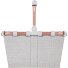 Carrybag XS Einkaufstasche 33,5 cm Variante frame twist sky rose  Carrybag XS Einkaufstasche 33,5 cm Variante frame twist sky rose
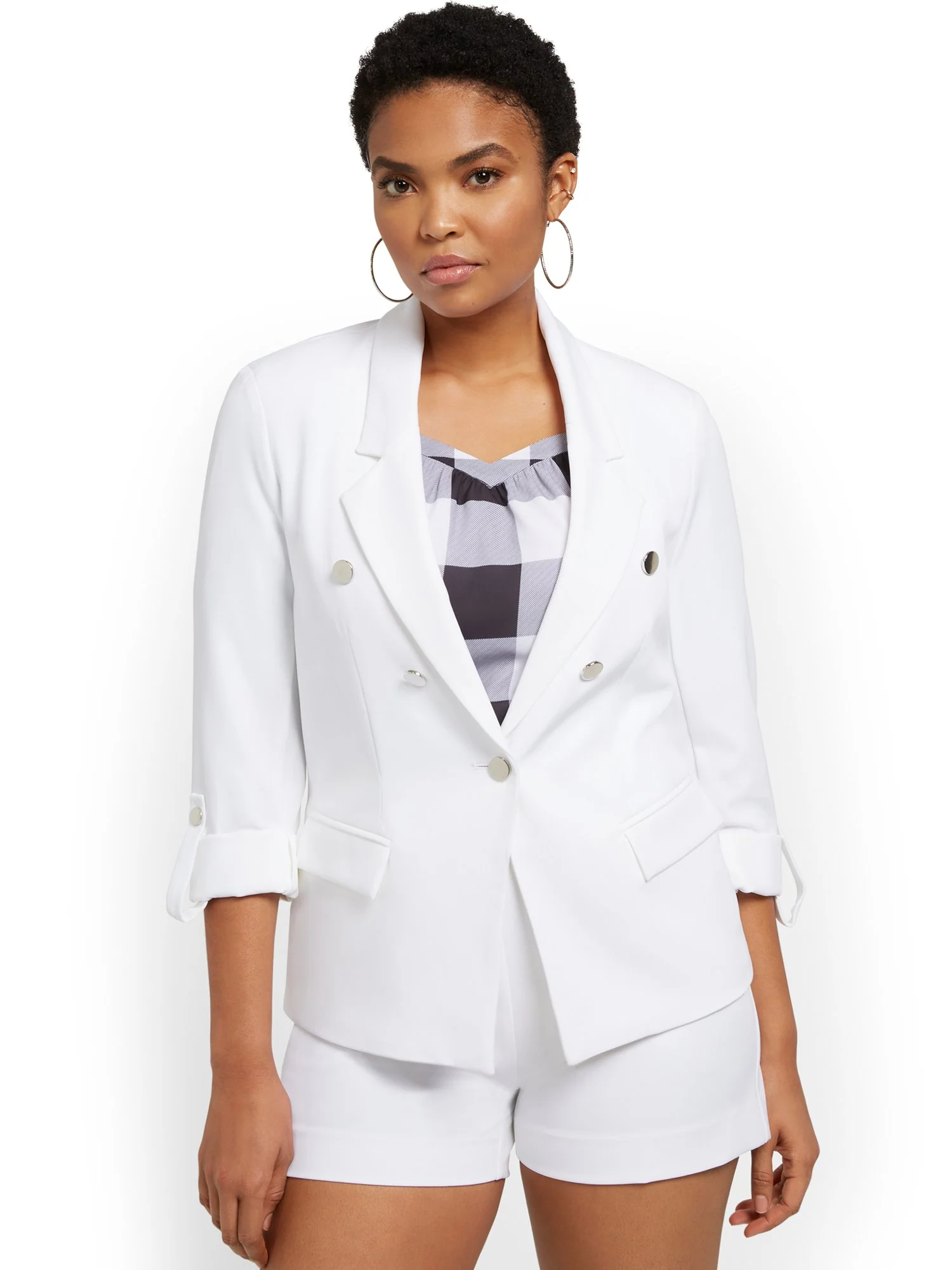 Double-Breasted Metal-Button Jacket - Image 4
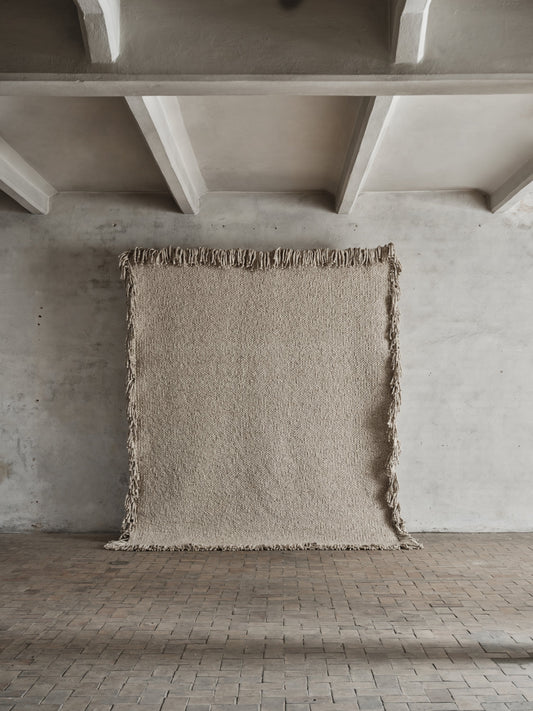 No.12 Rug – Chunky Ivory Wool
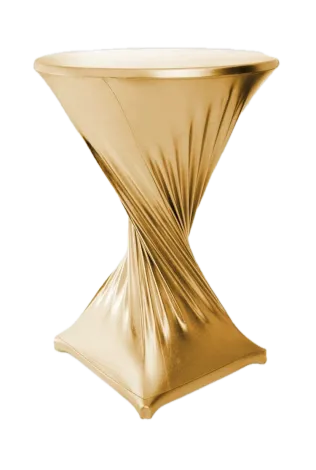 Stretchhusse Gold 1 teilig.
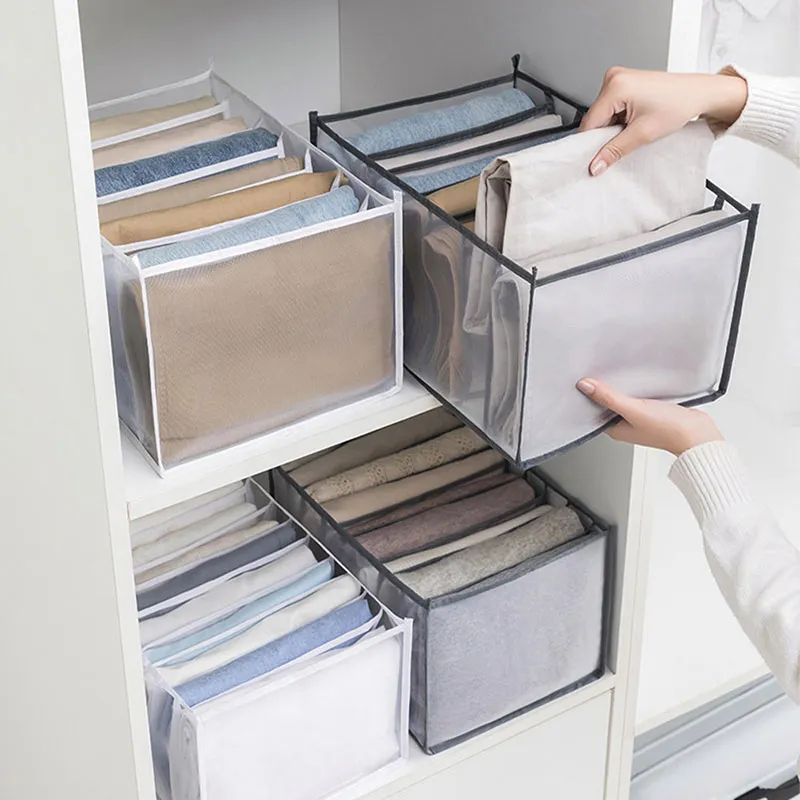 Storaged Clothes Organizer Box With Multiple Compartments For Baskets ...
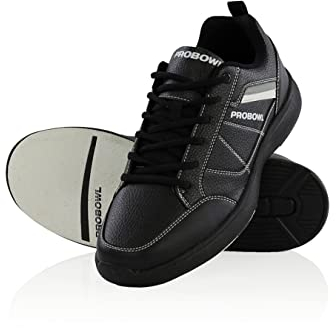 EMAX Chaussures de bowling pour homme - Pro Bowl - Kvara - Noir - Chaussures de bowling pour homme, Noir , 44 EU
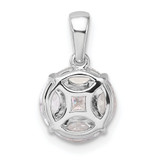 14k White Gold 1 carat Lab Grown Diamond VS/SI+ G+ Round and Marquise Pendant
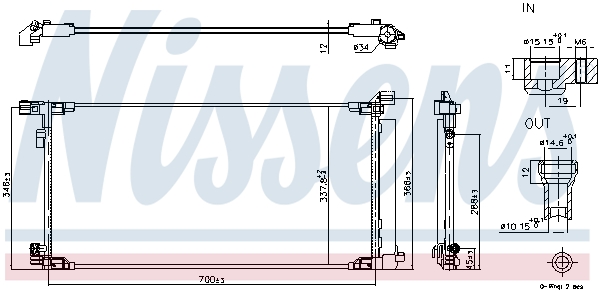 NISSENS Kondensor, klimaanlæg 940970 for TOYOTA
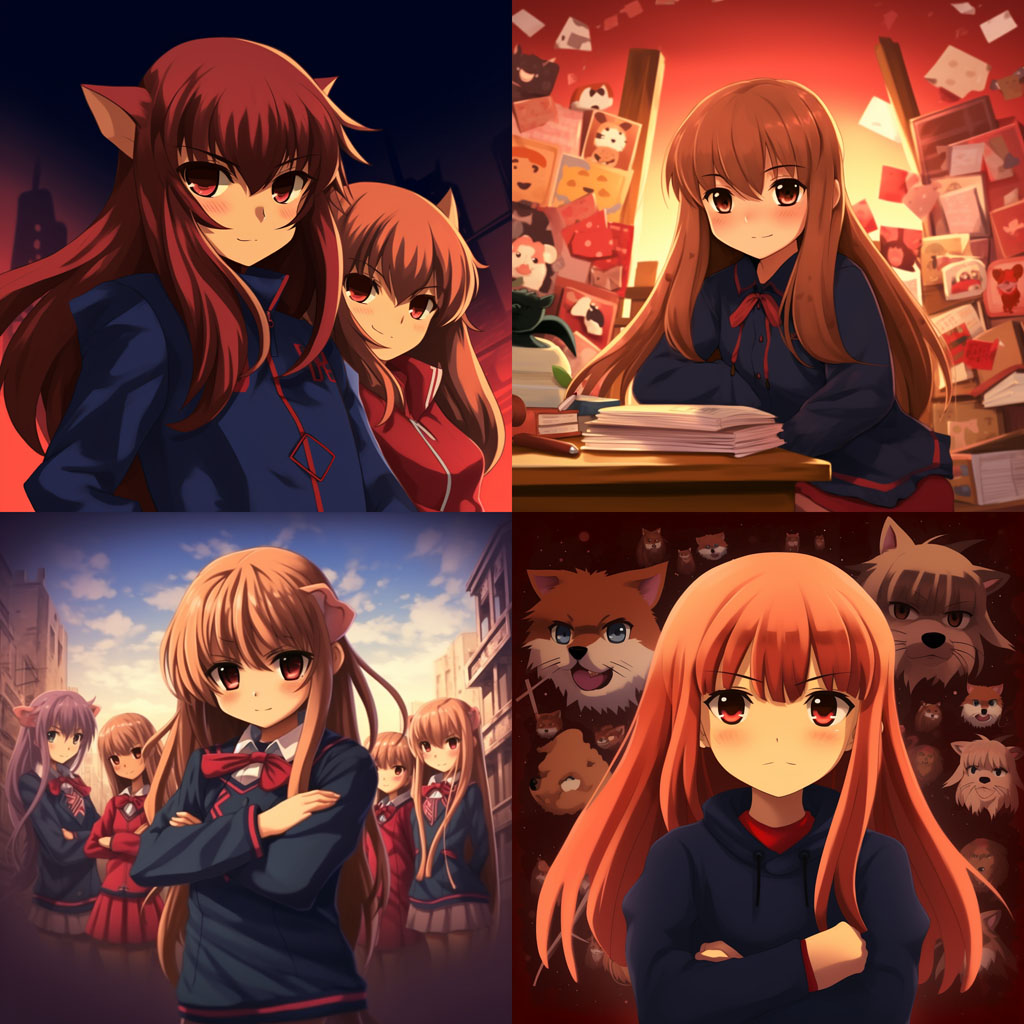 "Toradora!" - Created by Yuyuko Takemiya (story) and Yasu (art).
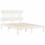 Berkfield Bed Frame without Mattress White 140x200 cm Solid Wood Pine 5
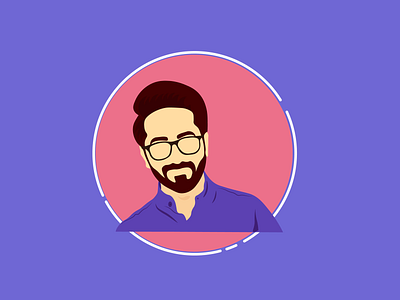 Ayushmann Khurrana 2d actor artwork bollywood illustration indian movie portrait star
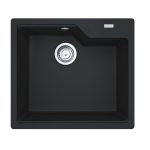Lavello monovasca Franke Urban UBG 610-56 in fragranite nero 56x50 cm.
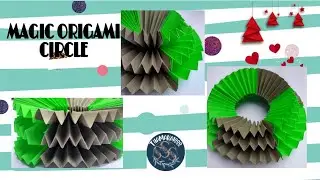 MAGIC ORIGAMI CIRCLE | ORIGAMI | PAPER CRAFTS | THAMAKAISSS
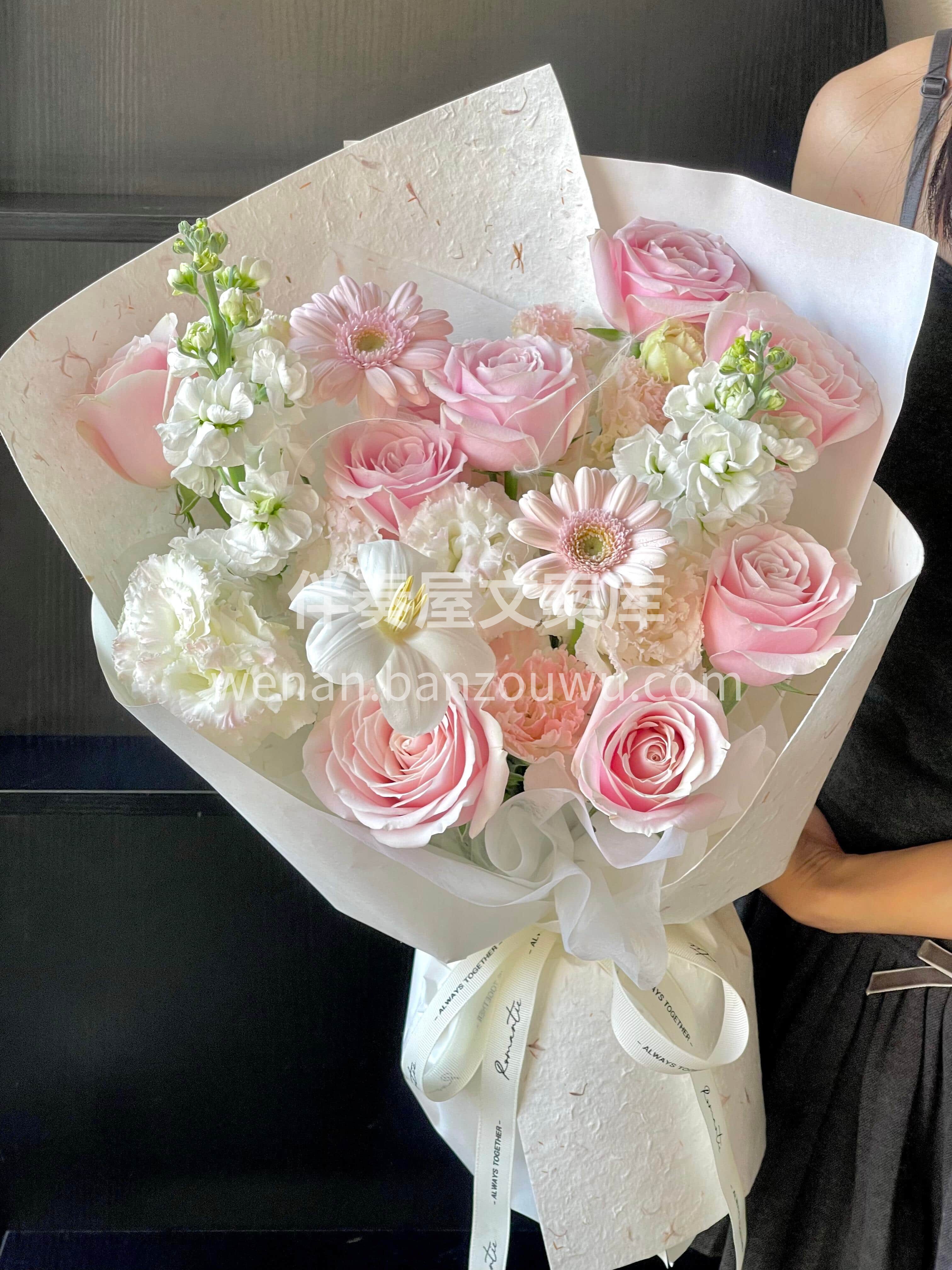 粉白色💕温柔花束 世界因为粉色而美丽🌸你因为粉色而更加迷人🌷 配图3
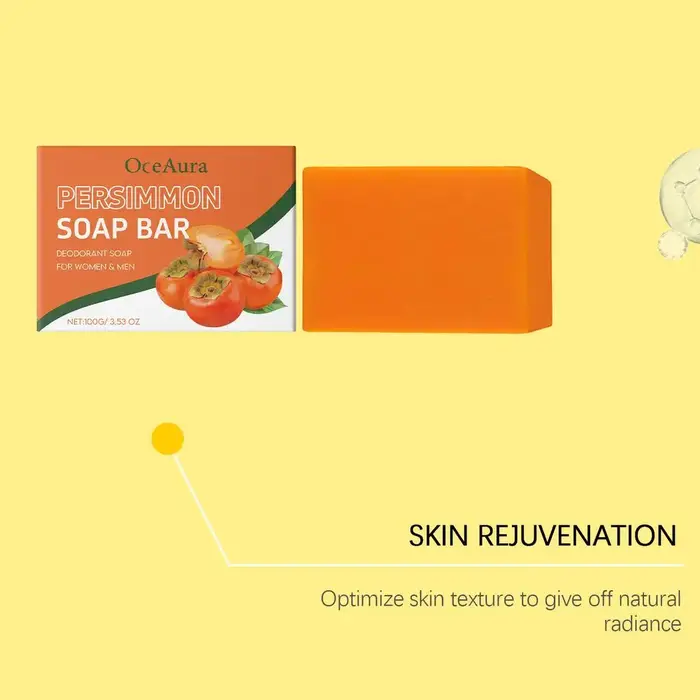 Savon naturel au kaki 100g pour un contrôle efficace des odeurs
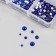 Decor for creativity Glass "Rhinas. Royal-blue" d = 2-4.8 mm nr 1188 pcs 6x8x1.5 cm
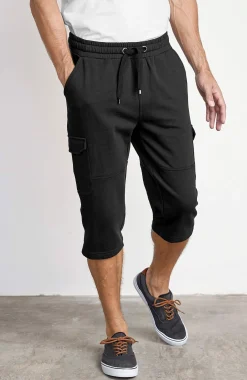 Shorts-Cellbes of Sweden Lange sweatshirt-shorts med cargolommer Sort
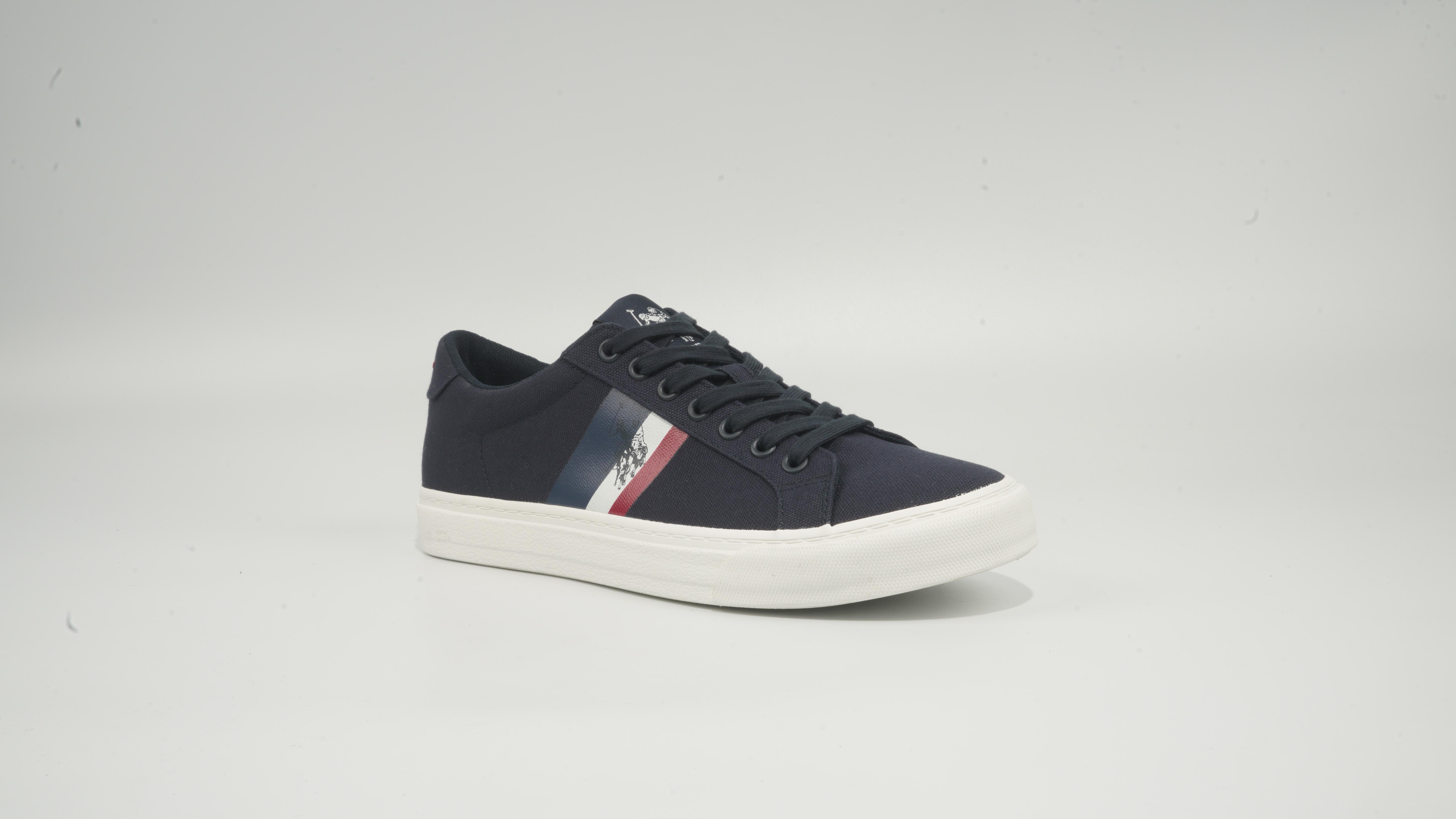 U.S. Polo Assn Men COSTA GLB 6FX Striped Lace-Up Ankle Sneakers-men-shoes-sneakers-image-1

■ ■ ■ ■

Everything from the line that contains "Decor for creativity" through the final line of the material should be returned exactly, except the pictures.

 Decor for creativity Glass "Rhinas. Royal-blue" d = 2-4.8 mm nr 1188 pcs 6x8x1.5 cm
 Shorts-Cellbes of Sweden Lange sweatshirt-shorts med cargolommer Sort
 U.S. Polo Assn Men COSTA GLB 6FX Striped Lace-Up Ankle Sneakers-men-shoes-sneakers-image-1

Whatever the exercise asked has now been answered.